Directions:
Would you restate the entries below word for word, starting at the first line and ending with the one that has "Please subscribe to this"?

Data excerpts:
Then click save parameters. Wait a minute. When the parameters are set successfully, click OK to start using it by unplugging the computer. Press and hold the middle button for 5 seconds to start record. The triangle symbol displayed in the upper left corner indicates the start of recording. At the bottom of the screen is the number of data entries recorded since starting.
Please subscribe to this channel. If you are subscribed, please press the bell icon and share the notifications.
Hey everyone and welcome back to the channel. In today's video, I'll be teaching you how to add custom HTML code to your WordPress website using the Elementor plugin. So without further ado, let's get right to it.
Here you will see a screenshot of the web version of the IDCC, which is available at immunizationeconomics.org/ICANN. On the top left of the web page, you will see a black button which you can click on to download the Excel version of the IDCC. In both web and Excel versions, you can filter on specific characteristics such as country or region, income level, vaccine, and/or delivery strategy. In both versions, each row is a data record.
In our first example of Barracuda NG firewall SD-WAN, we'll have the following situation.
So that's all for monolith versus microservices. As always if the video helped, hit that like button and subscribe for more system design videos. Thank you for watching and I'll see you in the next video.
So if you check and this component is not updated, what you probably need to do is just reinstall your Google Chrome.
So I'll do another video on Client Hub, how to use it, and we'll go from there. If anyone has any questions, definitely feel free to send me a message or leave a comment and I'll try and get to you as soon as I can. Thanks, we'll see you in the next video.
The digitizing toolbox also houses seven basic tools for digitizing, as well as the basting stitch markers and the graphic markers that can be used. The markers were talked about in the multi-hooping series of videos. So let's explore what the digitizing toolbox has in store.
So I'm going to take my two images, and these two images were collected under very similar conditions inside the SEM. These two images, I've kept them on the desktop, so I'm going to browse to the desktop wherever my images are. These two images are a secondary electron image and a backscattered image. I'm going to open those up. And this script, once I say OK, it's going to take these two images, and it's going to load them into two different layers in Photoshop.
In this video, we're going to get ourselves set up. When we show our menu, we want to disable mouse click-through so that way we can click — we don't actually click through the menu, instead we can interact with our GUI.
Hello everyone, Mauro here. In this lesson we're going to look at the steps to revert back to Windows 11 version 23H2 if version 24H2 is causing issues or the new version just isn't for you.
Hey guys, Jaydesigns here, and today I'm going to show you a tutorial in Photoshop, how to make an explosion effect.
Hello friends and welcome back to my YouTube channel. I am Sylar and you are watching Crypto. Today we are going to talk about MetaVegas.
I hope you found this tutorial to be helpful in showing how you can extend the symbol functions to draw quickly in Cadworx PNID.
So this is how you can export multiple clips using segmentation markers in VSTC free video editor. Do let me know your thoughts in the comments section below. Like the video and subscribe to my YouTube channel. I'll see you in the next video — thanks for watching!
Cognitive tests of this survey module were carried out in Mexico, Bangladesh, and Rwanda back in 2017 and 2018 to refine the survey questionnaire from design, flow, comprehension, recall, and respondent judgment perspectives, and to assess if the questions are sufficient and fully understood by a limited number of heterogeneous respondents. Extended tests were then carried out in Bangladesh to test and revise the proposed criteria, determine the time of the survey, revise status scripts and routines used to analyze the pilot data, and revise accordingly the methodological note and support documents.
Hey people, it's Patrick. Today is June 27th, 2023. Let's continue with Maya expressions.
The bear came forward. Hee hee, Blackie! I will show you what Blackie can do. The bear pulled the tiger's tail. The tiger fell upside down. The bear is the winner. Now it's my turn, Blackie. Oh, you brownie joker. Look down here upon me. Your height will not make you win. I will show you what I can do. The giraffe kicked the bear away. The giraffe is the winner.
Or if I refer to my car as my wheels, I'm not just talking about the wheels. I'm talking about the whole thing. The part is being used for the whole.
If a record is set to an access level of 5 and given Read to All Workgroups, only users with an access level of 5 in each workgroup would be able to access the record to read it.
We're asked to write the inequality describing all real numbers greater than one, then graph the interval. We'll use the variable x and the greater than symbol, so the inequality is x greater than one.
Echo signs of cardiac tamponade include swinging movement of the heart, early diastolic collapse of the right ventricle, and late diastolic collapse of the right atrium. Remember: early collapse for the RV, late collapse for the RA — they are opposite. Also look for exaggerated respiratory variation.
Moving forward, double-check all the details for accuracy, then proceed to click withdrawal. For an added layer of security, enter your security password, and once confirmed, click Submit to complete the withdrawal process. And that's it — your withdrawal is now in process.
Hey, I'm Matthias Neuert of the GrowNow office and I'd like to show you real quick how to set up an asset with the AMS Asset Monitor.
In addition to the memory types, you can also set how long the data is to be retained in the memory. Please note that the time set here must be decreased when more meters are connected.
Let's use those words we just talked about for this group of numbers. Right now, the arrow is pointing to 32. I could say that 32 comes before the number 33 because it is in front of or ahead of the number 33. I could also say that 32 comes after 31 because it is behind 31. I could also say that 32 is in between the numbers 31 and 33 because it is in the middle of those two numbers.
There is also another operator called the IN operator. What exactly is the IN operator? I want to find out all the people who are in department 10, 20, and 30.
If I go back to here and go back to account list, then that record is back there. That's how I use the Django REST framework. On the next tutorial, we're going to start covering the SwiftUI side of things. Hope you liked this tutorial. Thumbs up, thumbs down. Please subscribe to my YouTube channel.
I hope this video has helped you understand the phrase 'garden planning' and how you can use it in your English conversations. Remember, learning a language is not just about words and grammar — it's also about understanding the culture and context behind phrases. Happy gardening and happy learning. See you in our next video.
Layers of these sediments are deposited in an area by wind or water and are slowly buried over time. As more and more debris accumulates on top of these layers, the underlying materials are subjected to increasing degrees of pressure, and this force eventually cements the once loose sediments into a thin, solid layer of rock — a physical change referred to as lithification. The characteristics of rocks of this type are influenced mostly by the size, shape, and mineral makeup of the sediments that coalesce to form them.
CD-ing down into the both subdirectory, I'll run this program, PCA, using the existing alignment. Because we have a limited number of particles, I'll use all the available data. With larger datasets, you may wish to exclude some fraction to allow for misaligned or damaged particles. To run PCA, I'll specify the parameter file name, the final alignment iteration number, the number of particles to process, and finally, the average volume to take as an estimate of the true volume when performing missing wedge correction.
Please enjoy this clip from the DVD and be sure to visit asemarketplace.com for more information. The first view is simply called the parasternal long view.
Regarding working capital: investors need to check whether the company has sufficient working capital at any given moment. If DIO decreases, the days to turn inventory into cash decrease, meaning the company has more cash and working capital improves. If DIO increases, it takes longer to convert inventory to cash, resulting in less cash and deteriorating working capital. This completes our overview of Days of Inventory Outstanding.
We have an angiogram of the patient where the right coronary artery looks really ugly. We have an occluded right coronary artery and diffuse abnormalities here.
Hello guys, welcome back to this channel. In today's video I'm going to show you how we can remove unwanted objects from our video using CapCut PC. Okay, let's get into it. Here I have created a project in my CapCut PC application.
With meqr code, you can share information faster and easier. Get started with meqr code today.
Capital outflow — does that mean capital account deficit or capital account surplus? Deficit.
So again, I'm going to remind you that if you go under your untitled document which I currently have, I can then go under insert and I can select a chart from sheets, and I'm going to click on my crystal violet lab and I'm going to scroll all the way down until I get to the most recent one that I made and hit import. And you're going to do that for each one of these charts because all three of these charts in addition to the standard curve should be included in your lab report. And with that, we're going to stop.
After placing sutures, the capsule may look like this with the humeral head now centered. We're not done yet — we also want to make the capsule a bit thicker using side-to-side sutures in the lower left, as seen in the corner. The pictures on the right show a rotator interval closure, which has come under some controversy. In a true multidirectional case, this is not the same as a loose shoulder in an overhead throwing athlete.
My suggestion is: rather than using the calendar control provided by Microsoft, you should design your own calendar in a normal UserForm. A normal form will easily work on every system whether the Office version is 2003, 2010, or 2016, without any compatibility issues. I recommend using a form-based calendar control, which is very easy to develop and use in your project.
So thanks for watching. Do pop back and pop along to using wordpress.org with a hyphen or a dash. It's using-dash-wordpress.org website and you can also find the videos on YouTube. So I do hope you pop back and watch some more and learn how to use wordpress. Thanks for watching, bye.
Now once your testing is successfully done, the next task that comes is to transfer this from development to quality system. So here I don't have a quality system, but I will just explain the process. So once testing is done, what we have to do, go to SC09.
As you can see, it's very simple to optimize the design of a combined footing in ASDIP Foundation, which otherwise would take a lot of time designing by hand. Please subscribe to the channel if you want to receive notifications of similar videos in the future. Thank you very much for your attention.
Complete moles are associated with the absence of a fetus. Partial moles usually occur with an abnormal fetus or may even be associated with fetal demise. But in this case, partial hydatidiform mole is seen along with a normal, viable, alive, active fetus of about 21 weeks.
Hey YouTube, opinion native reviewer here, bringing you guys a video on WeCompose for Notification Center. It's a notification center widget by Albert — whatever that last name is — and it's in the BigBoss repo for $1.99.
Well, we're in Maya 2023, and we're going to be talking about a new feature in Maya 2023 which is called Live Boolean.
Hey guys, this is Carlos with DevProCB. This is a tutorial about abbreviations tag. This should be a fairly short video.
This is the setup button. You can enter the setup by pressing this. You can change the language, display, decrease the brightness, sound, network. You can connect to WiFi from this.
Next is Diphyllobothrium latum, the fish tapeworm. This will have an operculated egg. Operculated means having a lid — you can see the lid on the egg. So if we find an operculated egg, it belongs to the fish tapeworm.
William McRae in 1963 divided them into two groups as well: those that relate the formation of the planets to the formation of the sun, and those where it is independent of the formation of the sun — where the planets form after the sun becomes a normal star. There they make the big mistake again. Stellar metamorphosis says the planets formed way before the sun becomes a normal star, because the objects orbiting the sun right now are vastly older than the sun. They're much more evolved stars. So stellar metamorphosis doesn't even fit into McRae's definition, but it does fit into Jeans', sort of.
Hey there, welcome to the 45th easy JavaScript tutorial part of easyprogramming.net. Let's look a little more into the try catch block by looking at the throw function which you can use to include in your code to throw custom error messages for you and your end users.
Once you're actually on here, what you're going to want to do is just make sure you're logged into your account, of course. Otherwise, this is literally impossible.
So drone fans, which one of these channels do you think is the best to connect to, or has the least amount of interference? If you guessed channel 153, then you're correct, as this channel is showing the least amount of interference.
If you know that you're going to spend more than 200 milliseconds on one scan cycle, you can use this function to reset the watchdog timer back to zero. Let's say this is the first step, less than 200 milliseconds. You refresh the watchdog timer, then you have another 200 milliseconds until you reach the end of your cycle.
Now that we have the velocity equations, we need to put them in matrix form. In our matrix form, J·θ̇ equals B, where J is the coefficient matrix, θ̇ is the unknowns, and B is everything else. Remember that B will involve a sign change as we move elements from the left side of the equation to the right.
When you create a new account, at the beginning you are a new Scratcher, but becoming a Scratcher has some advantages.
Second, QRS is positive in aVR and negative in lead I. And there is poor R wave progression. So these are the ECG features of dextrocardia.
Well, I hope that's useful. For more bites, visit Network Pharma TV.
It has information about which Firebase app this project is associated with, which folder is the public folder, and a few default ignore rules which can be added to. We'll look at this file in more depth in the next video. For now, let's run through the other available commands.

Written solution:
Then click save parameters. Wait a minute. When the parameters are set successfully, click OK to start using it by unplugging the computer. Press and hold the middle button for 5 seconds to start record. The triangle symbol displayed in the upper left corner indicates the start of recording. At the bottom of the screen is the number of data entries recorded since starting.
Please subscribe to this channel. If you are subscribed, please press the bell icon and share the notifications.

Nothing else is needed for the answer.